• [ASSIGNMENT]: Print the listing below only from the line that has "high-definition presentation. Sichuan" through the line that has "Vente en gros", exactly, and drop any picture.

• [INFORMATION SUPPLIED]:

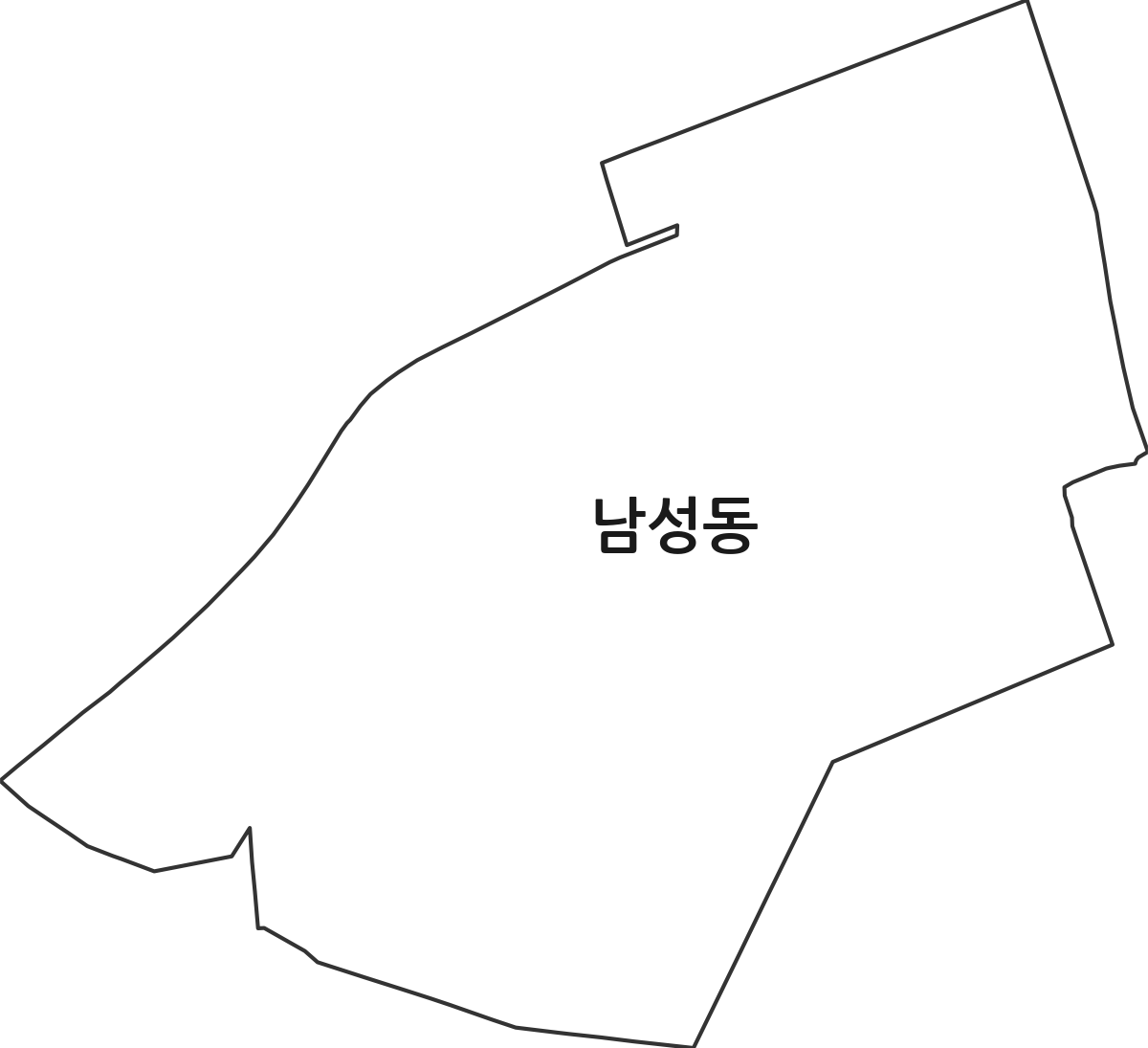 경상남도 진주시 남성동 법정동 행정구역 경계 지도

==

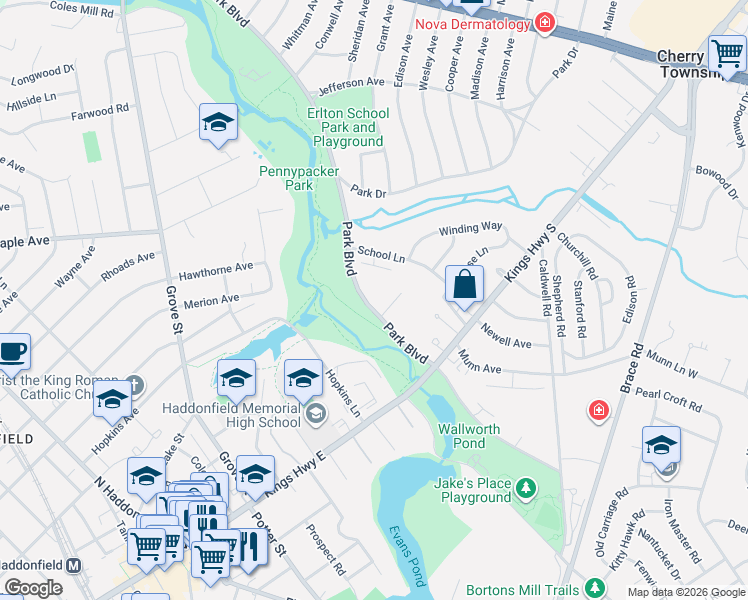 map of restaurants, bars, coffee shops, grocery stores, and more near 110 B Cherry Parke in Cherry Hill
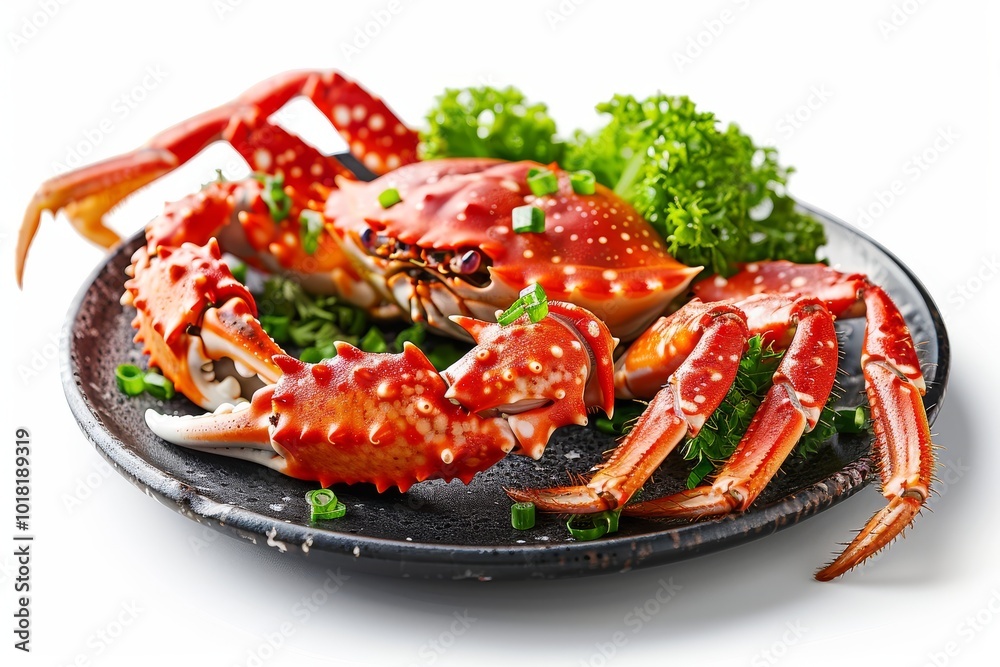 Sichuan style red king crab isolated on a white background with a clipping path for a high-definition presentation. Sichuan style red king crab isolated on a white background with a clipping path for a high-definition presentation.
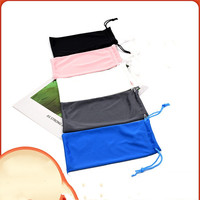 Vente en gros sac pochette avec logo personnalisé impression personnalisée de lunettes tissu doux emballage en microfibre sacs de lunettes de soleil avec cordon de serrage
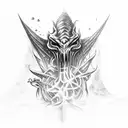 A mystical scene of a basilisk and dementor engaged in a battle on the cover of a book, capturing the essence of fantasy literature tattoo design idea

• [TASK SOLUTION]:
 Sichuan style red king crab isolated on a white background with a clipping path for a high-definition presentation. Sichuan style red king crab isolated on a white background with a clipping path for a high-definition presentation.
 Vente en gros sac pochette avec logo personnalisé impression personnalisée de lunettes tissu doux emballage en microfibre sacs de lunettes de soleil avec cordon de serrage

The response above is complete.